═══ Entries provided
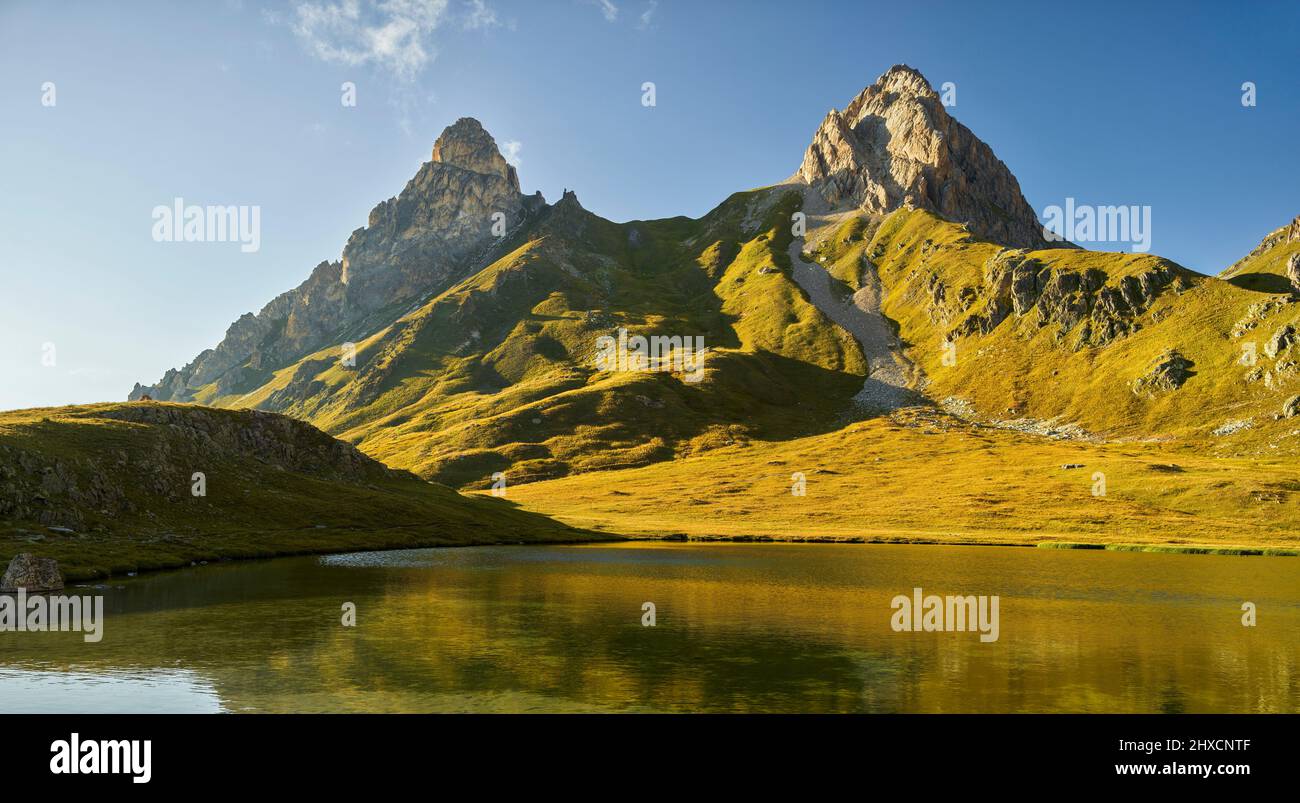 Lac de Cerces, Pic de la Ceinture, Pointe de la Fourche, Rhones Alpes, Hautes-Alpes, France Stock Photo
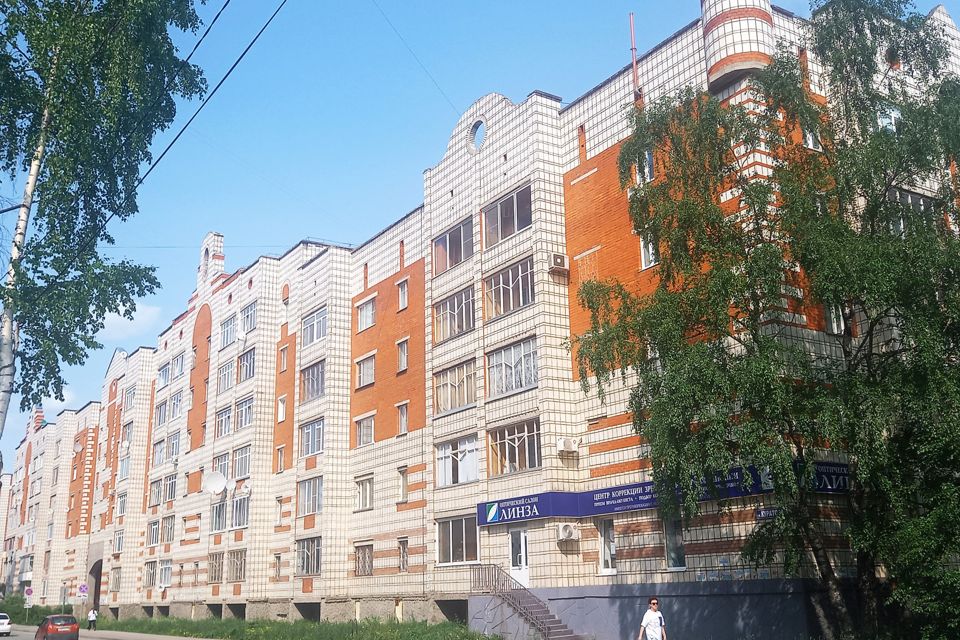 Продаётся 4-комнатная квартира, 105.2 м²
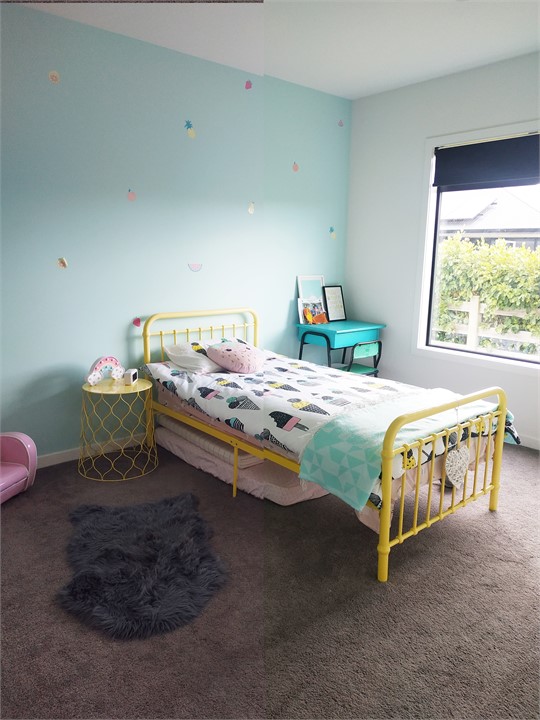 Kids bedroom - single bed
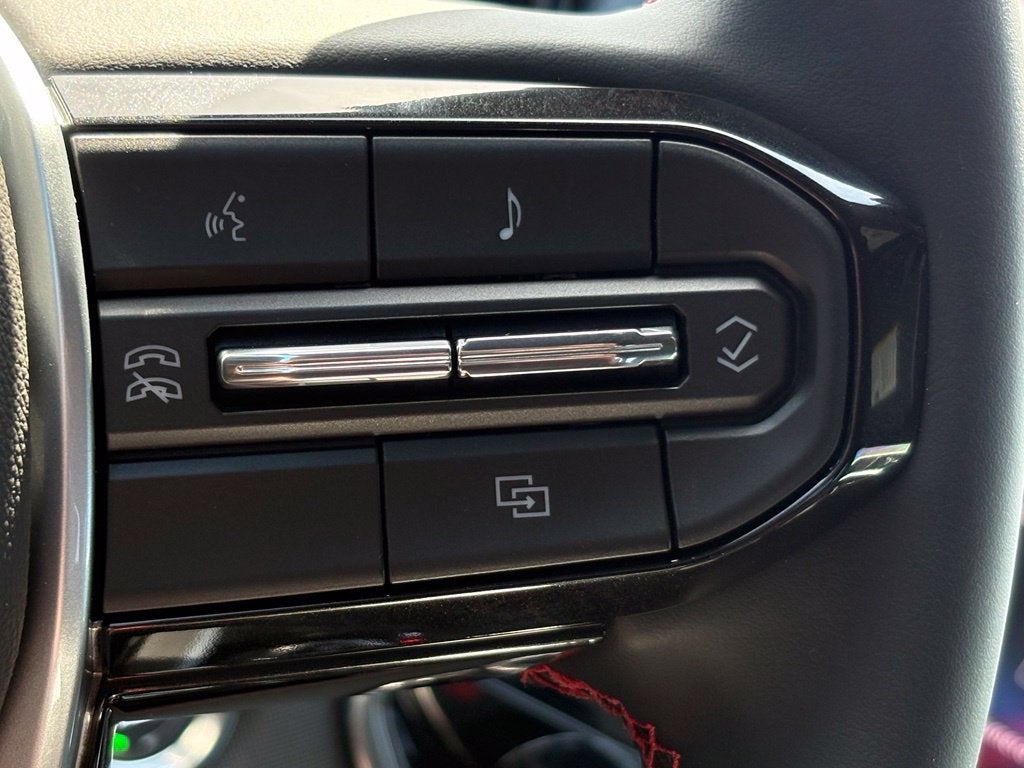 2026 Chevrolet Colorado Z71 - Photo 32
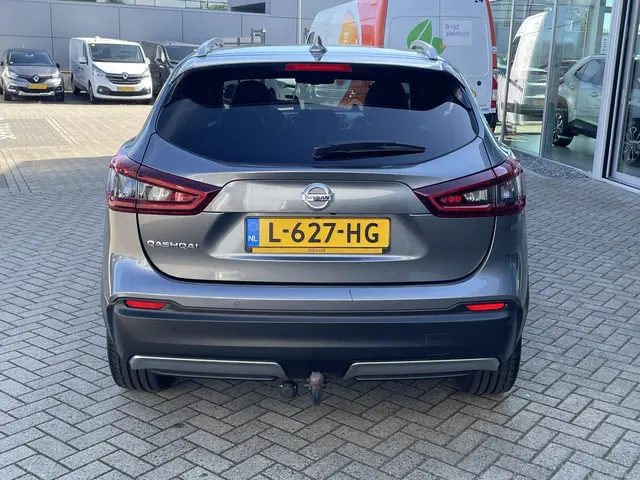 Nissan QASHQAI 1.3 DIG-T Premium Edition 2021 Benzine 16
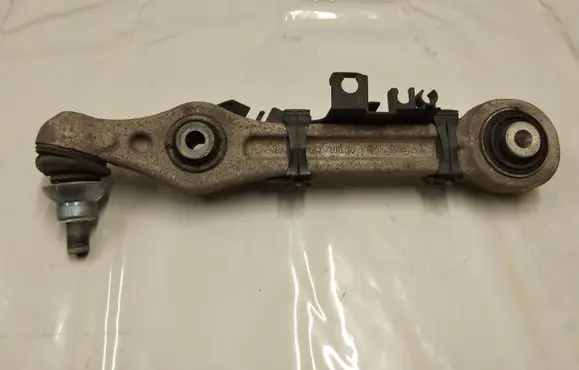 Mercedes-Benz C W205 Front control arm A20519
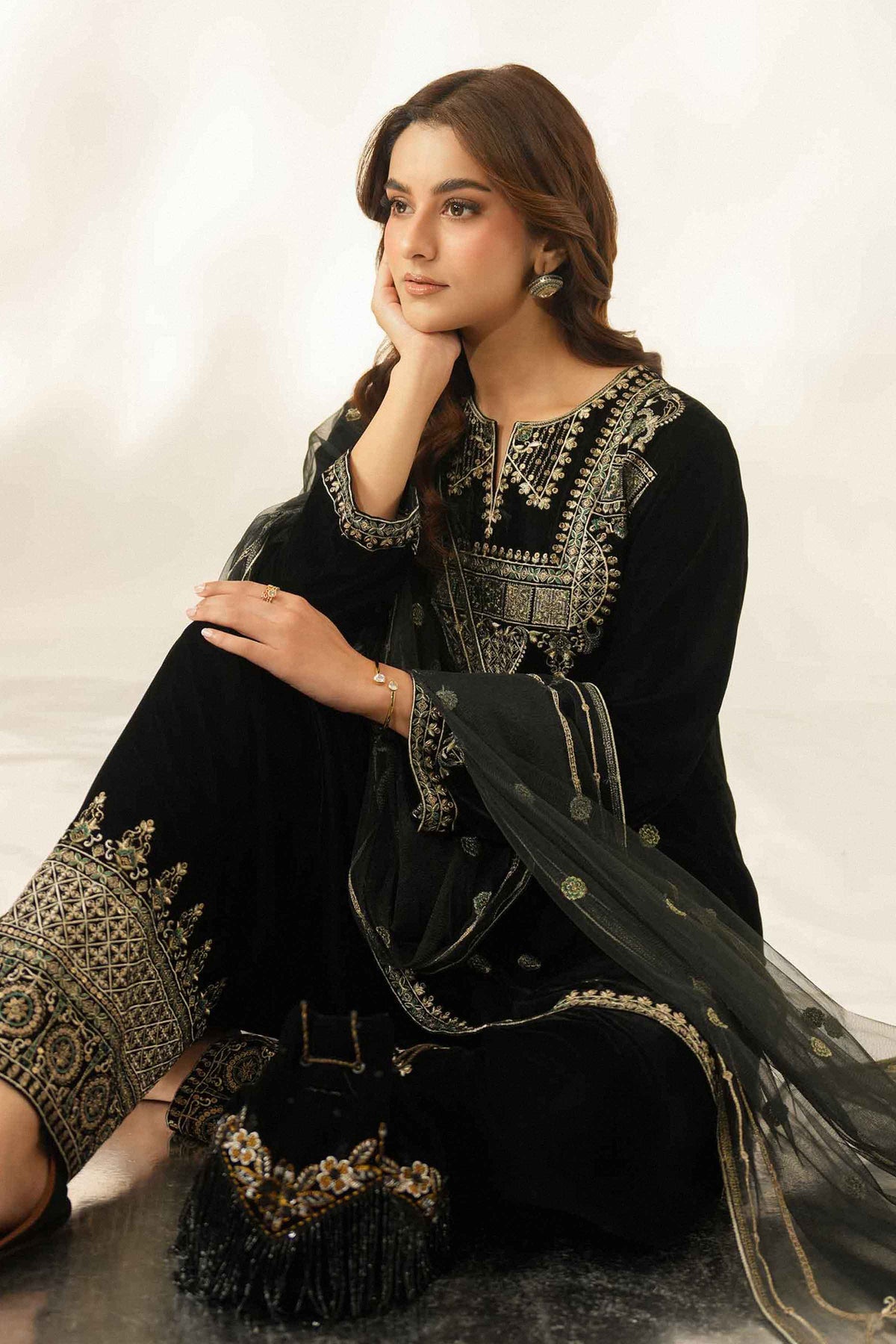3 Piece - Embroidered Suit - ST3PE-LUXE26WV1-44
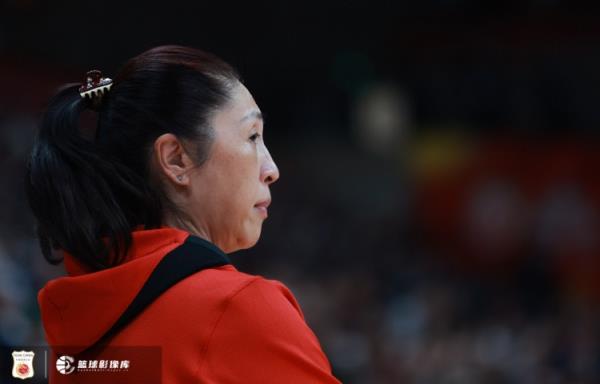 澎湃新闻：对阵澳大利亚暴露多个问题 中国女篮需进一步打磨细节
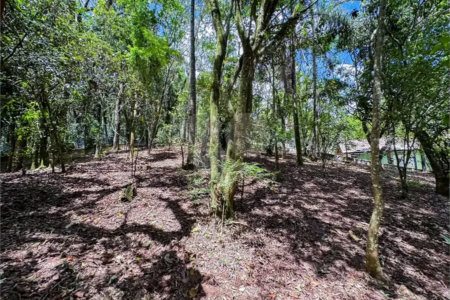 Casa á venda em condominio em Caieiras SP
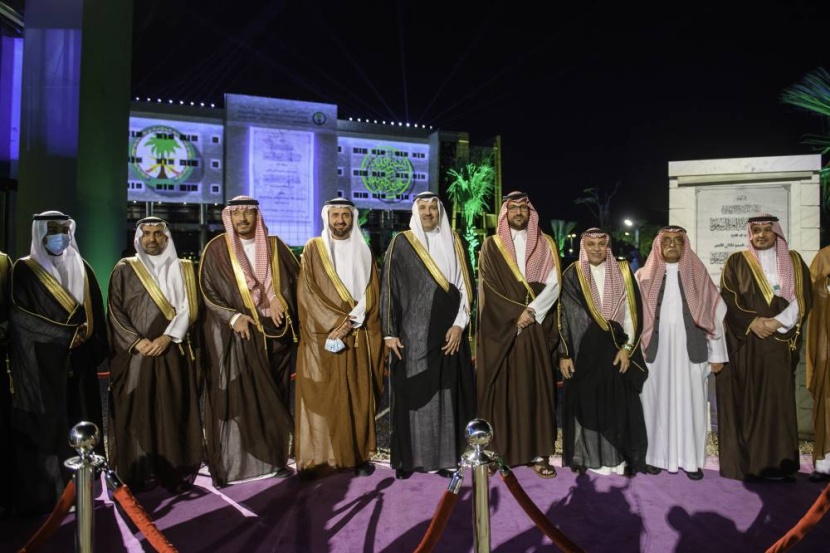فيصل بن سلمان يفتتح مستشفى التخصصي ومركز الأبحاث في المدينة المنورة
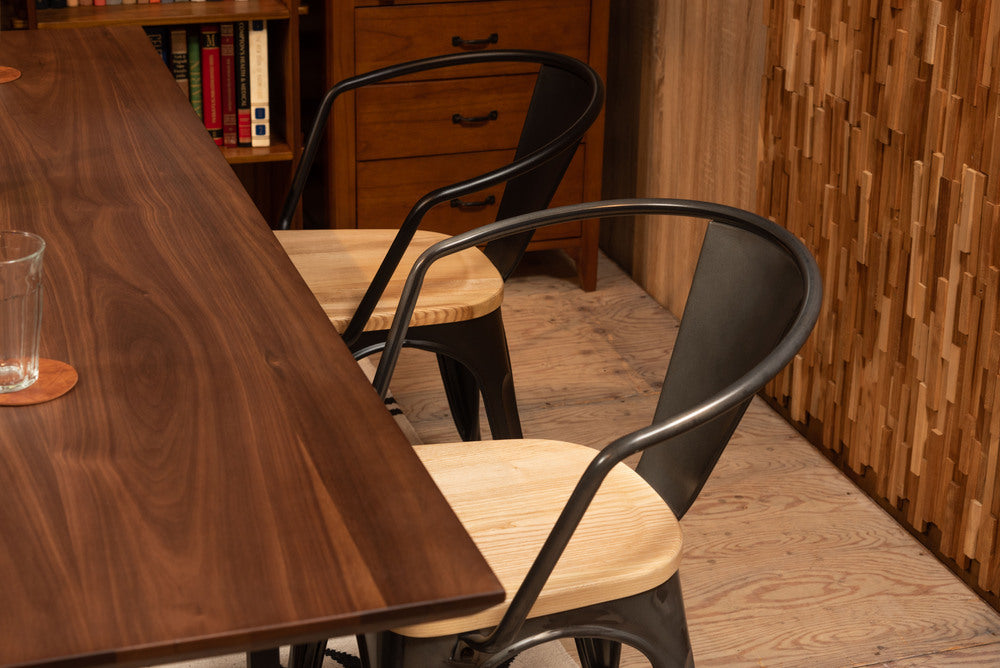緩やかなカーブ 背もたれ カフェ風 インダストリアル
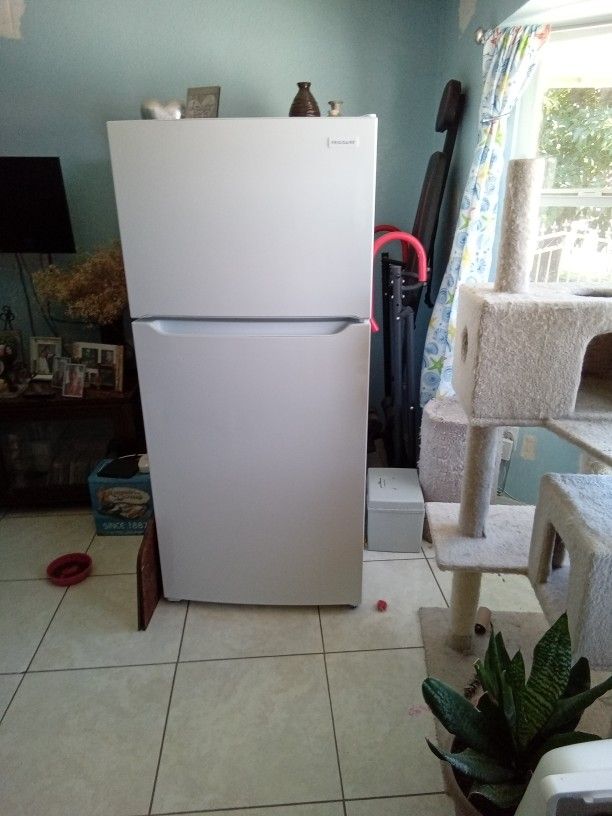 Brand New Never Used Refrigerator Fridgidaire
══════
Problem statement. Return the whole listing, word for word, and leave out every picture.

Answer to this exercise.
 Lac de Cerces, Pic de la Ceinture, Pointe de la Fourche, Rhones Alpes, Hautes-Alpes, France Stock Photo
 Продаётся 4-комнатная квартира, 105.2 м²
 Kids bedroom - single bed
 2026 Chevrolet Colorado Z71 - Photo 32
 Nissan QASHQAI 1.3 DIG-T Premium Edition 2021 Benzine 16
 Mercedes-Benz C W205 Front control arm A20519
3 Piece - Embroidered Suit - ST3PE-LUXE26WV1-44
 澎湃新闻：对阵澳大利亚暴露多个问题 中国女篮需进一步打磨细节
 Casa á venda em condominio em Caieiras SP
فيصل بن سلمان يفتتح مستشفى التخصصي ومركز الأبحاث في المدينة المنورة
緩やかなカーブ 背もたれ カフェ風 インダストリアル
 Brand New Never Used Refrigerator Fridgidaire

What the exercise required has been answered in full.